Вечная игра жизни, безжалостная, как смерть, неотразимая, как рождение, corsi е ricorsi[63] истории, perpetuum mobile[64] маятника!

К концу XVIII века европейский Сизиф докатил тяжелый камень свой, составленный из развалин и осколков трех разнородных миров, до вершины, камень качнулся в сторону, в другую, казалось, хотел установиться – не тут-то было; он перекатился и стал тихо, незаметно склоняться – быть может, он запнулся бы за что-нибудь, остановился бы с помощию таких тормозов и порогов, как представительное правление, конституционная монархия, потом выветривался бы века целые, принимая всякую перемену за совершенствование и всякую перестановку за развитие, – так, как этот европейский Китай, называемый Англией, так, как это допотопное государство, стоящее между допотопных гор, называемое Швейцарией. Но для этого надобно было, чтоб ветер не веял, чтоб не было ни толчка, ни потрясения; но ветер повеял, и толчок пришел. Февральская буря потрясла всю наследственную почву. Буря июньских дней окончательно сдвинула весь римско-феодальный наплыв, и он понесся под гору с усиливающейся быстротою, ломая по дороге все встречное и ломаясь сам в осколки… А бедный Сизиф смотрит и не верит своим глазам, лицо его осунулось, пот устали смешался с потом ужаса, слезы отчаяния, стыда, бессилия, досады остановились на глазах; он так верил в совершенствование, в человечество, он так философски, так умно и учено уповал на современного человека. – И все-таки обманулся.

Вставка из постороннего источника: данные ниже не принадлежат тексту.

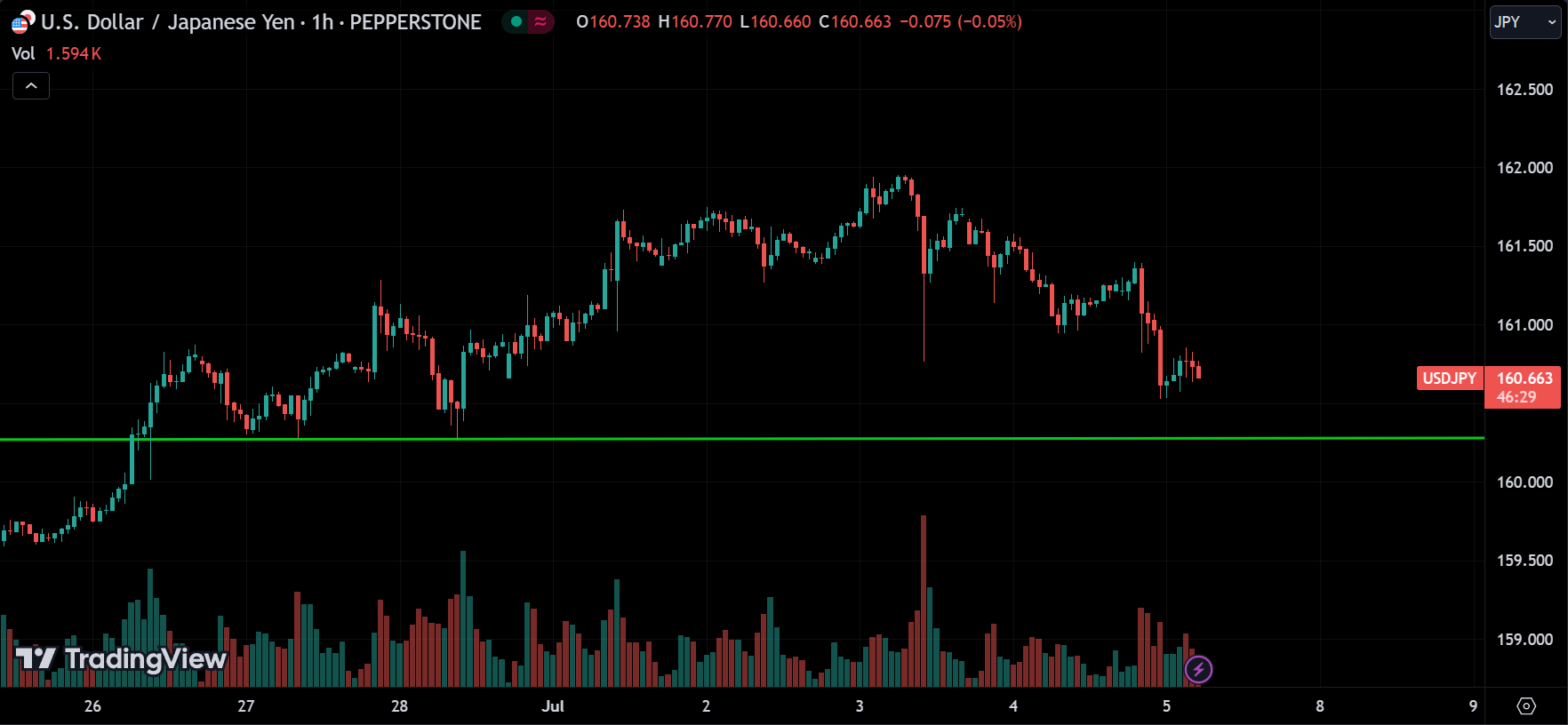 USDJPY Market Analysis Today [2024.07.05]
xlearnonline.com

Французская революция и германская наука – геркулесовские столбы мира европейского. За ними по другую сторону открывается океан, виднеется новый свет, что-то другое, а не исправленное издание старой Европы. Они сулили миру освобождение от церковного насилия, от гражданского рабства, от нравственного авторитета. Но, провозглашая искренно свободу мысли и свободу жизни, люди переворота не сообразили всю несовместность ее с католическим устройством Европы. Отречься от него они еще не могли. Чтоб идти вперед, им пришлось свернуть свое знамя, изменить ему, им пришлось делать уступки.

Руссо и Гегель – христиане.

Робеспьер и С.-Жюст – монархисты.

Германская наука – спекулятивная религия; республика Конвента – пентархический абсолютизм и вместе с тем церковь. Вместо символа веры явились гражданские догматы. Собрание и правительство священнодействовало мистерию народного освобождения. Законодатель сделался жрецом, прорицателем и возвещал добродушно и без иронии неизменные, непогрешительные приговоры во имя самодержавия народного.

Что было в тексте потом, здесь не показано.